I see this desperate need for better political education and media reporting reflected in the keyword search activity statistics for this blog. These are the stats on what keywords people have used when searching for something online, and that has led to a blog post I’ve written here turning up in their search results. Search activity on this blog is significantly right now because there are several provincial and territorial elections taking place in October and November of this year: Prince Edward Island (3 October), Manitoba (4 October), Ontario (6 October),  Newfoundland and Labrador (11 October), Saskatchewan (7 November) as well as the Northwest Territories (3 October) and Yukon (11 October).  People are mostly searching for easy to read comparisons of party platforms, because let’s face it – no one really wants to slog through 3 or 4 party platforms and try to make sense of them.

While the keyword search activity is certainly useful to me because it allows me to target posts to identified needs, it is also very depressing at times. It reveals to me just how ill-informed many people are about our system of government and politics in general.

For example, while I’m averaging about 900 hits a day at the moment mostly from people looking for the aforementioned party platform comparisons, far too many of them seem to not understand that these are provincial – not federal – elections, and/or they don’t realize that more than one province is having an election. They aren’t searching for specific provincial party platform comparisons, but using search terms such as “Canada political party platforms october 2011″, “october 2011 vote platforms”, “2011 political party platform”, “October election 2011 platforms” etc. Such searches usually take them to the platform comparison post I had done for the May 2011 Canadian federal election, and so I edited that post to add a note at the beginning with the links to the various provincial posts. I also added a note to the beginning of each provincial post with the links to the posts for the other two provinces. That seems to be working as most people are then moving from the Canada post to whichever provincial post they were actually hoping to find.

Other search terms used by people are so vague or poorly worded that they frustrate me. I can’t understand what the person was looking for, and because they obviously don’t really know what they’re looking for either, or at least, don’t know how to properly phrase it, they get taken to completely unrelated posts. At least, I assume the post is probably not what they were looking for, but given the search terms used, it’s difficult to know. Or I think I can guess at what they were looking for, but because they couldn’t phrase it properly, they got taken to a post other than the one to which they should have been referred. For example, someone today was looking for “what happens if the majority is under 54 in election in Canada” – which must be someone asking about what happens if the Ontario vote results in a hung parliament  because 54 seats are needed for a majority in Ontario. Because they referred to Canada rather than Ontario, however, they got taken to a completely unrelated post instead of the post I do have about government formation scenarios following a hung parliament result in Ontario’s provincial election.

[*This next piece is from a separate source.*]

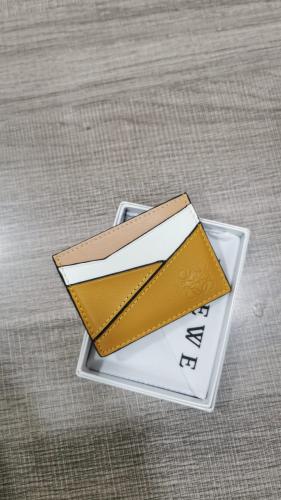 محفظة لويفي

I’m not trying to say that only Canadians are ill-informed – trust me, there are a significant number of confused search queries coming from people in other countries, in particular, the United Kingdom. But, as I stated at the outset of this post, at least in 2010, the UK media behaved responsibly. They didn’t declare any form of government the night of the election, they simply stated that it was a hung parliament, and then waited, along with everyone else, for a government to be formed. They explained the process. They interviewed experts. It took five days for a government to emerge. If it had been in Canada, the media would have immediately declared a Conservative minority government the night of the vote and then been utterly confused when Gordon Brown didn’t resign as Prime Minister immediately after that.

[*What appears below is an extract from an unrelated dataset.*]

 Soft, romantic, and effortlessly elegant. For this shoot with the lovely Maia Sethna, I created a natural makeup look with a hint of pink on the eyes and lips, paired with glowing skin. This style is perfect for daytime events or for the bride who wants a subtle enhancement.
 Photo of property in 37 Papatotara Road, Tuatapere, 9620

To date, in the various articles discussing the Ontario election I’ve read, only one which didn’t make coalition government out to be something evil or foreign. I’m not implying there haven’t been others – maybe there have been – I certainly can’t read every single thing written about the election. It wasn’t a great article, but it was a refreshing change from all the others reporting on the latest polls and concluding that these polls show Ontario is heading for a minority government, when all the polls show is that the parties are very close and that the election will likely result in a hung or minority parliament. For example, today’s Toronto Star has this article, which is headlined: “Get ready for a minority provincial government, poll says”. Both the headline and first sentence are, simply put, wrong. The first sentence reads:

Ontarians are poised to elect a minority Liberal or Progressive Conservative government in Thursday’s vote, with New Democrats holding the balance of power, a Toronto Star-Angus Reid poll suggests.

First of all, Ontarians do not elect governments, they elect parliaments. Second, the poll suggests only that the parliament elected next week will be a hung, or minority parliament. The poll does not, nor can it, say what form of government will emerge. It is not the media’s role to dictate that minority government is the only option.

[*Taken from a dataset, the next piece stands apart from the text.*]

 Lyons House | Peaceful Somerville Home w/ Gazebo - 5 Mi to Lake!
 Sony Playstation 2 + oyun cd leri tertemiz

In the next paragraph, the reporter does refer to a “minority parliament”, which is more accurate, but open to confusion. A minority (hung) parliament is NOT the same thing as a minority government – and that is why I prefer the term hung parliament to minority parliament – less chance of confusion. The pollster quoted in the article then again muddies the water with this quote:

“We’re definitely looking at a minority government at this rate,” Jaideep Mukerji, managing director at Angus Reid, said Friday.

Again, this is wrong. We don’t know what sort of government might be formed. The poll shows only that a hung parliament is likely. Nothing more. For pollsters and media to repeatedly reinforce the idea that minority government is the only obvious outcome only further undermines political literacy in this country. The Canadian media need to learn from their British counterparts and start reporting more responsibly, otherwise our democracy will continue to suffer.

Related Posts:

Keyword post: Short answers to various queries

The following are answers to questions based on recent keyword search activity which has led people to this blog.

1. How many signatures does an e-petition require for it to be debated in the UK Parliament?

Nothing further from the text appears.